The team will be at this year's Hannover Messe, where they will be demonstrating their technology at the Saarland Research and Innovation Stand (Hall 2, Stand B46).

The failure of small valves or pumps in a large industrial plant can cause major problems for the maintenance and repair teams. It can take quite a time before the faulty component has been tracked down. And this can be all the more problematic if the fault took time to make itself felt; the longer it takes to find a fault, the greater the potential damage to the plant. If, for example, a foreign body becomes trapped in a valve and the valve doesn't close properly as a result, it can take time before operators are aware of the malfunction.

Thankfully, this situation does not arise with the novel pumps and valves that have been developed by Professor Stefan Seelecke and his research team at Saarland University. 'Our devices are able to communicate their status and their activity in real time. For instance, the valve can tell us not only whether it is open or closed, but exactly how far open it is. If it can't close because of the presence of a foreign body, it can also communicate this fact to us,' explains Professor Seelecke.

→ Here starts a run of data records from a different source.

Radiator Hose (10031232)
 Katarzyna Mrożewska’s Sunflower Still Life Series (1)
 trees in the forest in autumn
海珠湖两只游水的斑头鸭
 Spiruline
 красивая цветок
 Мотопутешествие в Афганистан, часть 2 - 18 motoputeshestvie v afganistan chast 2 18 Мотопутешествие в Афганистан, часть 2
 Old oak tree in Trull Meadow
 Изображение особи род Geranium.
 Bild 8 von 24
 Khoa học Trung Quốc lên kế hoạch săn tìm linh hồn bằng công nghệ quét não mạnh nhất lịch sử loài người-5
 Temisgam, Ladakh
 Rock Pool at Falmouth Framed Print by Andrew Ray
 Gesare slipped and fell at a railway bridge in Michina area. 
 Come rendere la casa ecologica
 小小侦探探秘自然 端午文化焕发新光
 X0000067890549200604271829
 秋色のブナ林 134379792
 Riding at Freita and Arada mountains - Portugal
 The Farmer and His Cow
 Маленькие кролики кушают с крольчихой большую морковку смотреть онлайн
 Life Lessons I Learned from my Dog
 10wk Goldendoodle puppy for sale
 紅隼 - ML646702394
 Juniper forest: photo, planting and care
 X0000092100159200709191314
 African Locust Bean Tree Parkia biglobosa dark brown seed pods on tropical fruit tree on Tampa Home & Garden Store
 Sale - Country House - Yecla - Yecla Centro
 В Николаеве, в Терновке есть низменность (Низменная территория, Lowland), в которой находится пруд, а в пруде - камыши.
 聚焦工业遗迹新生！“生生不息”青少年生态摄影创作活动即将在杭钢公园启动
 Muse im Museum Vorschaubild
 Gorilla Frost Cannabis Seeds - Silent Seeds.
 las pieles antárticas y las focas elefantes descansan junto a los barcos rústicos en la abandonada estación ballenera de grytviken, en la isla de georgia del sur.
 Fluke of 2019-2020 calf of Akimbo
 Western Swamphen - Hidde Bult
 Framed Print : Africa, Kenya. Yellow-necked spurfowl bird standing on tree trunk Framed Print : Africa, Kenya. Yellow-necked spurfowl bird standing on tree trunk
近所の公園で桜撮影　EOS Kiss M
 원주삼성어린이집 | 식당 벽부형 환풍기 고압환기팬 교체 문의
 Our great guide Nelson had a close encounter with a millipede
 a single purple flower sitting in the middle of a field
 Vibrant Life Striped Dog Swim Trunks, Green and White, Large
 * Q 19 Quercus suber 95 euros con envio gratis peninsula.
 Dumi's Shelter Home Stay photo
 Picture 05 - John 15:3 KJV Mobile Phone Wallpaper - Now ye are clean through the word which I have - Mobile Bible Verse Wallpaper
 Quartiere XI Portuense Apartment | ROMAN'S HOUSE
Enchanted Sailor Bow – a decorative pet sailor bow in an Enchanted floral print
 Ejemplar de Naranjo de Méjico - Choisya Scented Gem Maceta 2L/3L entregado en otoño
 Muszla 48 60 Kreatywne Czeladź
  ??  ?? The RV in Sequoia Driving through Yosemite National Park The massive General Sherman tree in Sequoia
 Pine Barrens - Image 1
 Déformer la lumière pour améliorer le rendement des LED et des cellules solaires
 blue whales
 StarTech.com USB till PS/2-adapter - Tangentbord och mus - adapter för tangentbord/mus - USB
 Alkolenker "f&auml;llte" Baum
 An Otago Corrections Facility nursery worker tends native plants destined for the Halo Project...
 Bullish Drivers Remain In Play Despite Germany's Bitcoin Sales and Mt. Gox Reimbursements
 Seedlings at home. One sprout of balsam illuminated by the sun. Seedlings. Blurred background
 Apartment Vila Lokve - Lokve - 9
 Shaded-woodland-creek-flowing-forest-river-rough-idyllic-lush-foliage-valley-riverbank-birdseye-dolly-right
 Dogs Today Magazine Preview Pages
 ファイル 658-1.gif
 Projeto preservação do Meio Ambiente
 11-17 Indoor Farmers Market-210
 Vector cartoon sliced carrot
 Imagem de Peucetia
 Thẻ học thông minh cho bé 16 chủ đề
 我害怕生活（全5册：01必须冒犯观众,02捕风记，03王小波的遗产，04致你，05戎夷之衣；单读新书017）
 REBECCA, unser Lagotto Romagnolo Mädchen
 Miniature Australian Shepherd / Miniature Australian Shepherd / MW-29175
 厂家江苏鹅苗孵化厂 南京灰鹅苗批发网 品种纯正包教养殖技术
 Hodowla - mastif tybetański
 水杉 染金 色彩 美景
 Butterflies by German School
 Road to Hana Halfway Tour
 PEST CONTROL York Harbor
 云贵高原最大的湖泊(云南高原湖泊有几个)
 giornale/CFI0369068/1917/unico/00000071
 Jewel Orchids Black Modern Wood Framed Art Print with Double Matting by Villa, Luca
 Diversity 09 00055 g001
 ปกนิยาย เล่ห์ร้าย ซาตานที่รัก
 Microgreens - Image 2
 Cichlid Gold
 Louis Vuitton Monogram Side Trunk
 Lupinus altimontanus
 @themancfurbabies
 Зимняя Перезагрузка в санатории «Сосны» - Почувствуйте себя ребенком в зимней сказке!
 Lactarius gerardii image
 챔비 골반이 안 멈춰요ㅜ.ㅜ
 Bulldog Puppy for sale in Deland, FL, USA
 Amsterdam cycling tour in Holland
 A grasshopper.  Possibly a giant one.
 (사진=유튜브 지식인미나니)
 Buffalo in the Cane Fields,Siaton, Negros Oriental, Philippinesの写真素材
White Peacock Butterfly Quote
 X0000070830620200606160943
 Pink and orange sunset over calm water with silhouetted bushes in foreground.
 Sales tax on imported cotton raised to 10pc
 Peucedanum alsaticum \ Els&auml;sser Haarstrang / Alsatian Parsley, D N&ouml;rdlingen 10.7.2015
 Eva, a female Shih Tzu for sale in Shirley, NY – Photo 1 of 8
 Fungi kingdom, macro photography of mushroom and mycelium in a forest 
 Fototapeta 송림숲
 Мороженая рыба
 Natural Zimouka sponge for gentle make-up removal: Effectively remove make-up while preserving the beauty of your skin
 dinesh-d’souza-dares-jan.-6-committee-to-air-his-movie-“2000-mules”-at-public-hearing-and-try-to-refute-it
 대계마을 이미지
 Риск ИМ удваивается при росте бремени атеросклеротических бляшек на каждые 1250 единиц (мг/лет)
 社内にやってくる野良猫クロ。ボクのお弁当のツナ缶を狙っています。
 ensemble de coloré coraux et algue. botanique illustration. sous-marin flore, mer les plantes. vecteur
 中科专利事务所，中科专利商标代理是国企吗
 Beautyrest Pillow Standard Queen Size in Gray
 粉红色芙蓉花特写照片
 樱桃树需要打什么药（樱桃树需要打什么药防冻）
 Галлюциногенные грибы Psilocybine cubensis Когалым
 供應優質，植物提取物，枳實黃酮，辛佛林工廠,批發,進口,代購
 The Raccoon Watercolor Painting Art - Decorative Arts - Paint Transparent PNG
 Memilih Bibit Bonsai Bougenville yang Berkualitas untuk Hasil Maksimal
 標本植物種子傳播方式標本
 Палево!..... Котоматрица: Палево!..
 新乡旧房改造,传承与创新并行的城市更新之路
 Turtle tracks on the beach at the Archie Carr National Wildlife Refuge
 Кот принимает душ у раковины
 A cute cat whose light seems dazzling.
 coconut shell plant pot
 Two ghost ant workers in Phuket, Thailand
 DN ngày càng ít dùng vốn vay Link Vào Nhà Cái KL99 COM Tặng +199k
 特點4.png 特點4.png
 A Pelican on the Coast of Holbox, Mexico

The valves and pumps created by the Saarbrücken research group are made from a thin silicone film that is printed on both sides with an electrically conducting material. Scientists refer to these materials as dielectric elastomers. 'If we apply a voltage to the film, it generates an electrostatic attractive force that compresses the film, causing it to expand out sideways,' says Steffen Hau, a Ph.D. engineer working in Seelecke's team. By altering the applied electric field in a controlled manner, the engineers can make the film undergo high-frequency vibrations or continuously variable flexing motions. Effectively, the film can adopt almost any required position or orientation. 'These properties mean that the film can be used to design novel drive systems,' explains Hau.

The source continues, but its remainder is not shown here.